Provide a utility to topologically sort a collection of inputs.
More...
Namespaces |
namespace | bdlb |
Detailed Description
- Outline
-
-
- Purpose:
- Provide a utility to topologically sort a collection of inputs.
-
- Classes:
-
- See also:
-
- Description:
- This component provides a utility
struct
, bdlb::TopologicalSortUtil
, to topologically sort a collection of inputs that describe a directed acyclic graph (also known as DAG). A topological sort is useful for defining the order in which an input should be processed based on certain conditions. As an example, consider two jobs B and C both of which have a dependency on job A, i.e., job A needs to be completed before B or C can be run. Given such a requirement, a topological sort can provide an ordering of the three jobs such that A precedes B and C. Note that there may be multiple orderings that might be correct (e.g.: A, B, then C or A, C then B; both are correct and satisfy the dependencies of A running before the B and C jobs; we don't care whether B precedes C or vice versa).
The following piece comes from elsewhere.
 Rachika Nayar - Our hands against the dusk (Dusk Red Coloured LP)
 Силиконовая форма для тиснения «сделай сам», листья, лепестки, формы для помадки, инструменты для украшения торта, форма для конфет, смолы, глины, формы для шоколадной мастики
- The dependencies are specified in pairs (U,V) (read as U precedes V), which define the relations between U and V that the sort needs to maintain. The elements in these pairs (e.g., U and V) make up a finite set S. The output of the topological sort is an ordering of all elements of set S, such that all relations specified in the input (as pairs) are satisfied. Note that such an ordering is only possible only if there are no cycles in the input dependencies. For example, if A depends on B and B depends on A, then it is not possible to order A and B satisfying both the relations. The routine
sort
defined in this component returns false
if it detects a cycle while trying to sort the input.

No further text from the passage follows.